Zweig, testimone della barbarie
Esattamente ottant’anni fa, il 22 febbraio 1942, Stefan Zweig si suicidò insieme alla moglie nell’esilio brasiliano in cui viveva. Era stato nella nativa Austria uno scrittore di grande successo, autore di biografie importanti, poesie, drammi, novelle. Ebreo, europeo, cosmopolita, assistette al disastro della prima guerra mondiale e visse poi fino al 1933 immerso nella grande cultura tedesca dell’Europa tra le due guerre. Nel 1933 i suoi libri furono bruciati in piazza dai nazisti insieme a quelli di tutta l’intelligentia del tempo, da Freud ad Einstein a Thomas Mann, ebraica o no, purché giudicata espressione dell’odiato giudaismo.

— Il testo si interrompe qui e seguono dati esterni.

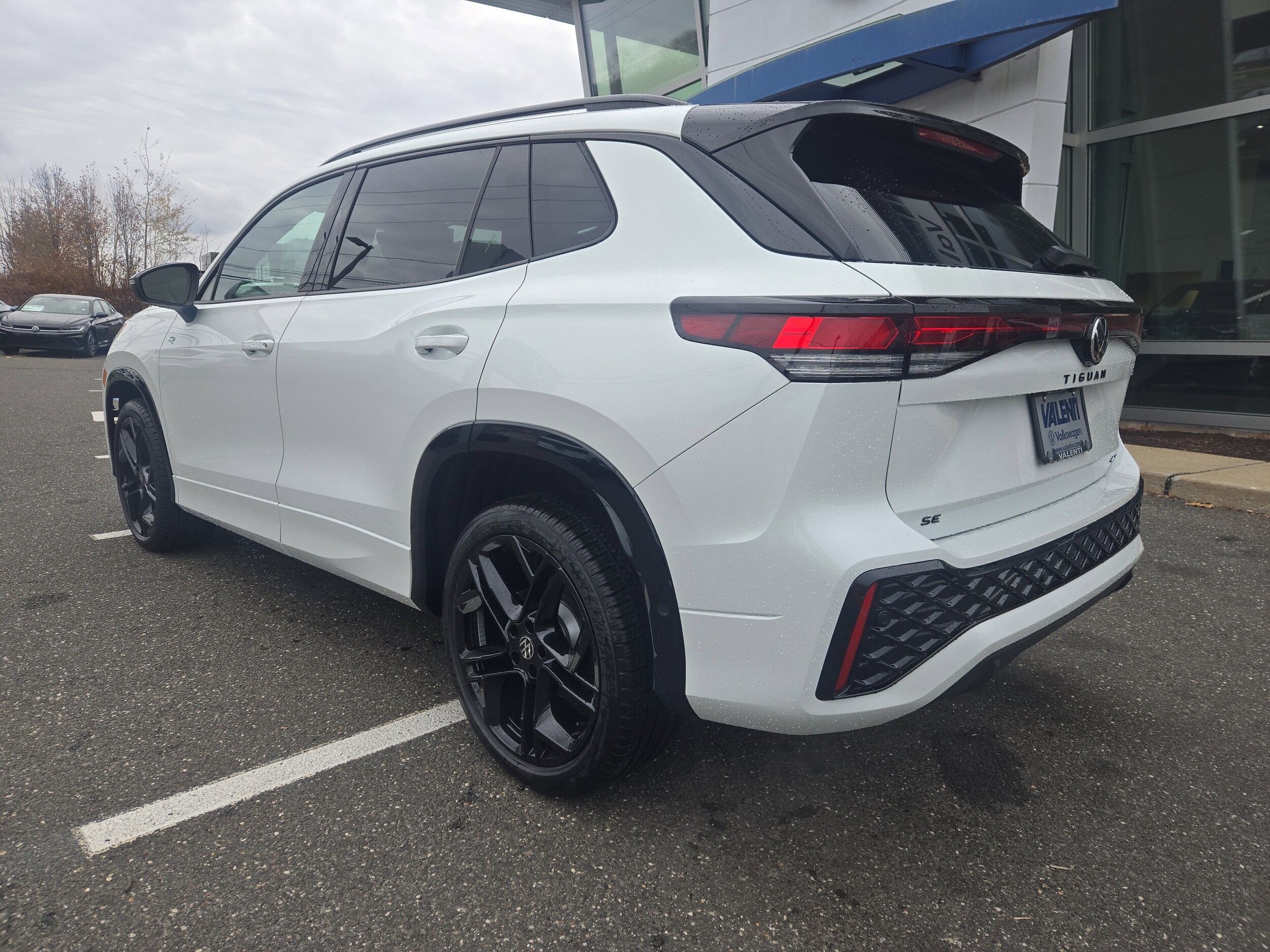 2025 Volkswagen Tiguan SE R-Line Black photo 2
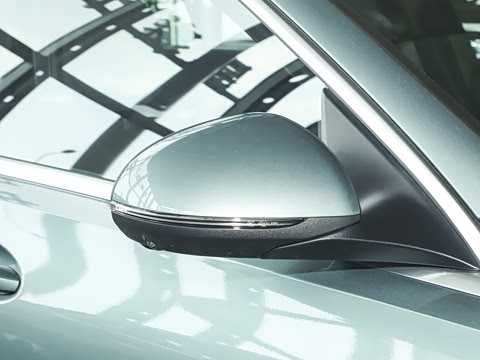 2025�� �Ŀ� C 350 eL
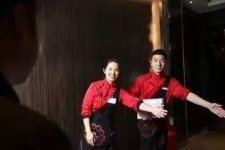 利用“挑戰(zhàn)”心理，玩轉(zhuǎn)打折營(yíng)銷(xiāo)，麥當(dāng)勞三口吃完一個(gè)漢堡【重慶火鍋底料】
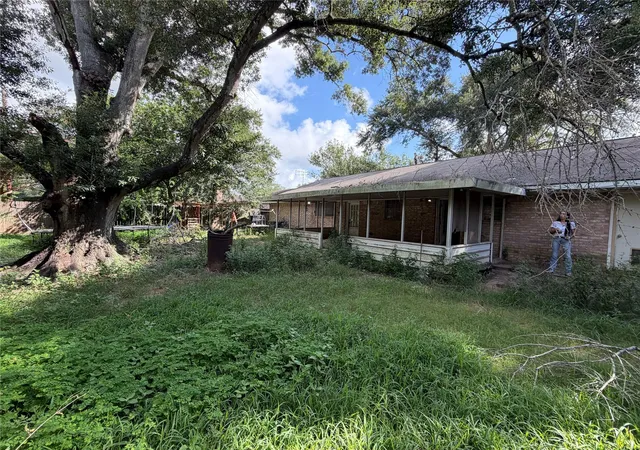 Photo 4 of Single family home for sale at 1429 Circle Dr, Sealy, TX 77474 | MLS# 7903683 | Listing updated on 2026-08-28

Cominciò l’esilio, dapprima in Europa, poi, dal 1941 nelle Americhe, New York e poi il Brasile. Nello stesso 1941 terminò la sua straordinaria autobiografia, Il mondo di ieri, ricordi di un europeo, libro indimenticabile in cui la pittura del mondo mitteleuropeo degli anni precedenti la prima guerra mondiale si unisce a quella del decennio dell’esplosione culturale ebraica e poi alla sua distruzione. Il libro termina con l’attacco nazista alla Polonia nel 1939.

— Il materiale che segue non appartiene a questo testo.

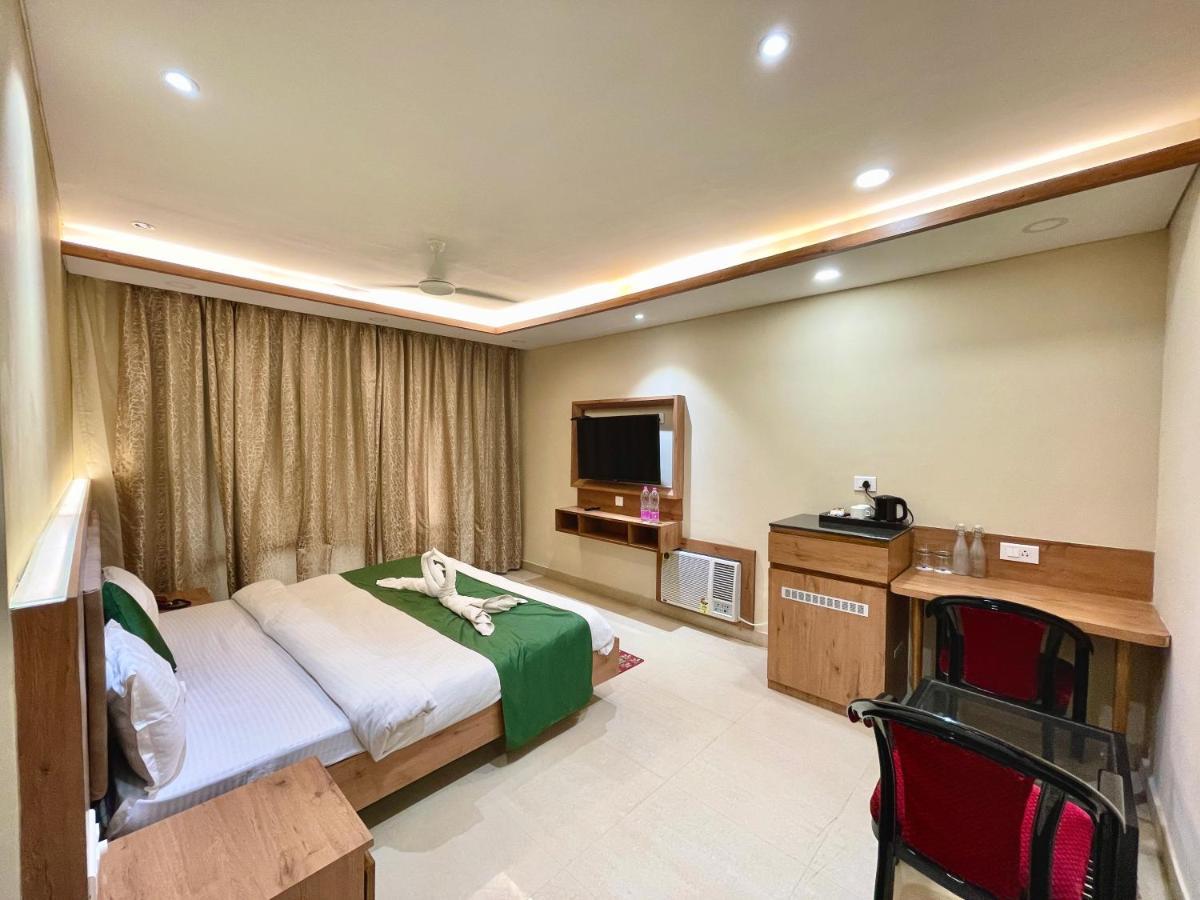 Rockbay ! Puri, Swimming Pool-lift-and-parking-facility Near Sea Beach & Temple Breakfast Included Hotel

«Nel periodo prebellico, scriveva nell’introduzione, ho conosciuto il grado e la forma più alta della libertà individuale, per vederla poi al più basso livello cui sia scesa da secoli… Tutti i cavalli dell’Apocalisse hanno fatto irruzione nella mia vita, carestie e rivolte, inflazione e terrore, epidemie e emigrazione; ho visto crescere e diffondersi sotto i miei occhi le grandi ideologie delle masse, il bolscevismo in Russia, il fascismo in Italia, il nazionalsocialismo in Germania, e anzitutto la peste peggiore, il nazionalismo che ha avvelenato la fioritura della nostra cultura europea. Inerme e impotente, dovetti essere testimone dell’inconcepibile ricaduta dell’umanità in una barbarie che si riteneva da tempo obliata».